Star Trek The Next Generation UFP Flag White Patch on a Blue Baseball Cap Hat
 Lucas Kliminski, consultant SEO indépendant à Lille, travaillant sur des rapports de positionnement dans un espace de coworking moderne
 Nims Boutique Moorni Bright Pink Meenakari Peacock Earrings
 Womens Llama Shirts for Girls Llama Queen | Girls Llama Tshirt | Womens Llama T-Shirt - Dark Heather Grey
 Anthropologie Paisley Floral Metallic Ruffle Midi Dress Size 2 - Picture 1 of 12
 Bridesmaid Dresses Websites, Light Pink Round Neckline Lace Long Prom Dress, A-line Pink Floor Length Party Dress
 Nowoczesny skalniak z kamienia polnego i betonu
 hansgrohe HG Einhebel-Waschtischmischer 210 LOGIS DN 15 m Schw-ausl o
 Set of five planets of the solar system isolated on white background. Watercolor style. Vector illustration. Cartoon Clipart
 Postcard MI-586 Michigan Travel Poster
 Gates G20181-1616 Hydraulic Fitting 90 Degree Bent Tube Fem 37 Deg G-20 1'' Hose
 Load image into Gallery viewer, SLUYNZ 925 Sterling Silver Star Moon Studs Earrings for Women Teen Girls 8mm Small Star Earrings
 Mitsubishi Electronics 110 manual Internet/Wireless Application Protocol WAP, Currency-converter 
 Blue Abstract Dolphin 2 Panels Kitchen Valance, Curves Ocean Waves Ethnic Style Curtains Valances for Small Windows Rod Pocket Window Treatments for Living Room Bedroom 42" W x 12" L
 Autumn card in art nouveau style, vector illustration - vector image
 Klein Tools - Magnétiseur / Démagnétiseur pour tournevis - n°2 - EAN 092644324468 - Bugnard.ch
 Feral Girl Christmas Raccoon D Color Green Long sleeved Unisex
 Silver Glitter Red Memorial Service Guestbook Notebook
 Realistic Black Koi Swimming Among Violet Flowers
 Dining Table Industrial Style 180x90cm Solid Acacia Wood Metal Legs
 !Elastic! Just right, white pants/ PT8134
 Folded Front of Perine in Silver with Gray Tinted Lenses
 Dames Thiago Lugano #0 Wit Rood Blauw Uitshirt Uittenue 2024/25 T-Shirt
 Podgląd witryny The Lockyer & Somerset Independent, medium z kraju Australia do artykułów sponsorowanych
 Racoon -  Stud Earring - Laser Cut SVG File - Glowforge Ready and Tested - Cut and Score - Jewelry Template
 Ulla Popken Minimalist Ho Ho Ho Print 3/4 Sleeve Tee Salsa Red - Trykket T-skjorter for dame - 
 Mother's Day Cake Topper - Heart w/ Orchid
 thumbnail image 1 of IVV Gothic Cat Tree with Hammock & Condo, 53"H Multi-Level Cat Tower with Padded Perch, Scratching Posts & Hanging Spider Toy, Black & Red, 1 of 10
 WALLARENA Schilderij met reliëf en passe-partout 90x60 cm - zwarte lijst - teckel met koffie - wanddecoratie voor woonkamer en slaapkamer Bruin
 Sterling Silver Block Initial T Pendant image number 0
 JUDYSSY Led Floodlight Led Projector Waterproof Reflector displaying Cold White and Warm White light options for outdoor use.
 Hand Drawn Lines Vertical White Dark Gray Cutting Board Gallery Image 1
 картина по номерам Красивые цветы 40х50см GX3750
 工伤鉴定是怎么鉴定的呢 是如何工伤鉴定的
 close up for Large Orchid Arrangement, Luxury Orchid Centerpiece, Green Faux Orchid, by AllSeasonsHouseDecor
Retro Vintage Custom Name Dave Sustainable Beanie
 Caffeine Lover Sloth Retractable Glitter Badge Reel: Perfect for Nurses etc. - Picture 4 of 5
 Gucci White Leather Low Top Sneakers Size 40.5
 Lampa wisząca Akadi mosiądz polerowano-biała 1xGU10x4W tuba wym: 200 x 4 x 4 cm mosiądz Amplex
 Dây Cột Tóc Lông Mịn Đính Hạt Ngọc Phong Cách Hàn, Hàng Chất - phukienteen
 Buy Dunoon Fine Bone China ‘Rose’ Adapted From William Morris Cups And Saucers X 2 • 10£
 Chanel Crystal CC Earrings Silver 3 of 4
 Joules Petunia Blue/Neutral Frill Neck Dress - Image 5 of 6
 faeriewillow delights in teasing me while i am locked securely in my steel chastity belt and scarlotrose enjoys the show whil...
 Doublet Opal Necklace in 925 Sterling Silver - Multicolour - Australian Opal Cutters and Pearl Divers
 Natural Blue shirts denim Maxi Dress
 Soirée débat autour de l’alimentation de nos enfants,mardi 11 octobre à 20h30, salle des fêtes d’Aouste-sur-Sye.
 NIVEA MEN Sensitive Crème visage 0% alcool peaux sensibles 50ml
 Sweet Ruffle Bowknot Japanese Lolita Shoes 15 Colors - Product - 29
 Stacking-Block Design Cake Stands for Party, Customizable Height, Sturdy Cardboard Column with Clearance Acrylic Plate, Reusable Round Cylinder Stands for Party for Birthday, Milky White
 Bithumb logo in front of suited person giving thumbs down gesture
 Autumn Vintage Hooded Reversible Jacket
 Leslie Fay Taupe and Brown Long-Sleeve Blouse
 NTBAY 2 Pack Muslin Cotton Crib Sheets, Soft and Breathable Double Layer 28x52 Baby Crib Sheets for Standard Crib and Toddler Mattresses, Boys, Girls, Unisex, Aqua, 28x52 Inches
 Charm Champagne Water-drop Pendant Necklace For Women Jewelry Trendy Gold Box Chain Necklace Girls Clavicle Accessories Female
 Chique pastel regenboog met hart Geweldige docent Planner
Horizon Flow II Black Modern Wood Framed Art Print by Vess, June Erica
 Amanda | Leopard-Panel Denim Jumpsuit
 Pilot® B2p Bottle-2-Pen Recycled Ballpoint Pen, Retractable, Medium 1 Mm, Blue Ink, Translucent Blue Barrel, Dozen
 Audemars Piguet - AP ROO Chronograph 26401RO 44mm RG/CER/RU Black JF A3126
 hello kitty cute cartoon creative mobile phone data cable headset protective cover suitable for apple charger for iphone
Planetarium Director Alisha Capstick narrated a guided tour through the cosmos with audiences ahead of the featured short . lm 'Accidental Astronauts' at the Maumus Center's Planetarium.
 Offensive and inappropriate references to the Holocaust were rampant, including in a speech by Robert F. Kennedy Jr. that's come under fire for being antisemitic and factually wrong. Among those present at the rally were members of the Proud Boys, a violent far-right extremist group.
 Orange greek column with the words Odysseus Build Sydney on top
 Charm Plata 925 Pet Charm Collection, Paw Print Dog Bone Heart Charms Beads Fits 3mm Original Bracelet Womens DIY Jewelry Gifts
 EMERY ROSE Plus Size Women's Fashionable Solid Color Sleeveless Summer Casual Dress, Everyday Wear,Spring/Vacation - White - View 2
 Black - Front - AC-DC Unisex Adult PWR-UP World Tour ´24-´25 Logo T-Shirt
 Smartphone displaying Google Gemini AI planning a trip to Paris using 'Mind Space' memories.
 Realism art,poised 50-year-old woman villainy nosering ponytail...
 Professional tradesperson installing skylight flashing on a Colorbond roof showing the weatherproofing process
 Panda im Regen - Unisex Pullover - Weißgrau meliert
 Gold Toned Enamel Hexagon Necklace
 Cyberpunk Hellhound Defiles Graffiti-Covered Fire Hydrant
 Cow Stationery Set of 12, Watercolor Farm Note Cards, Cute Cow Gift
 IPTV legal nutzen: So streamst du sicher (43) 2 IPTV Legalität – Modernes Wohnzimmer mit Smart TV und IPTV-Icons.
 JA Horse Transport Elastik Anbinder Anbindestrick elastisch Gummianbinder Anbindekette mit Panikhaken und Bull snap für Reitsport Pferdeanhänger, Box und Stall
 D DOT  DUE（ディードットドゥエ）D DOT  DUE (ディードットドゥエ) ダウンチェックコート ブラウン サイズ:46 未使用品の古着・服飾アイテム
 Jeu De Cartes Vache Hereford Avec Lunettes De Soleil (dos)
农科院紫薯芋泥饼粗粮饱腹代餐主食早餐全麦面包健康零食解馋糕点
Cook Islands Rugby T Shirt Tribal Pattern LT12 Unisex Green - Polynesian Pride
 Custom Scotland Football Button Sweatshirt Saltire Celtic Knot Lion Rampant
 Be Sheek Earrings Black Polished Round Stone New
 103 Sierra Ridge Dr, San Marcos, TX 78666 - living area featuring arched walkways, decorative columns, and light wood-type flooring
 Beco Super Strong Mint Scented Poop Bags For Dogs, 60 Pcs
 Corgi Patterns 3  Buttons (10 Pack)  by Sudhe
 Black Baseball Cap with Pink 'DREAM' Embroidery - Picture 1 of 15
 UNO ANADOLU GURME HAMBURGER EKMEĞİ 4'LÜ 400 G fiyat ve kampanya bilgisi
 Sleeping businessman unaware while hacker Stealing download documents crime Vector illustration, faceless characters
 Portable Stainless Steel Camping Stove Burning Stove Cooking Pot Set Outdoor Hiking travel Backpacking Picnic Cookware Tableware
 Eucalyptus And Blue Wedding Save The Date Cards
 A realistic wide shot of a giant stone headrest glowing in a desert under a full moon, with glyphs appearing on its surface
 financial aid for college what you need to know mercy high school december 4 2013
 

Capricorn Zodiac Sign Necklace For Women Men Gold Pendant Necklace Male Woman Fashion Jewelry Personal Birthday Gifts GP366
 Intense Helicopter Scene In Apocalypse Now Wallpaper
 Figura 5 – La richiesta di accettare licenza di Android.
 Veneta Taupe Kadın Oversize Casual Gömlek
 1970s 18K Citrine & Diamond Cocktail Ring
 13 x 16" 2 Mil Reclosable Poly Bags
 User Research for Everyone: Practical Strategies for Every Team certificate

══════

* HOW TO COMPLETE THIS TASK
From the records above, pull out each line that has "Retractable".

* REPLY
 Caffeine Lover Sloth Retractable Glitter Badge Reel: Perfect for Nurses etc. - Picture 4 of 5
 Pilot® B2p Bottle-2-Pen Recycled Ballpoint Pen, Retractable, Medium 1 Mm, Blue Ink, Translucent Blue Barrel, Dozen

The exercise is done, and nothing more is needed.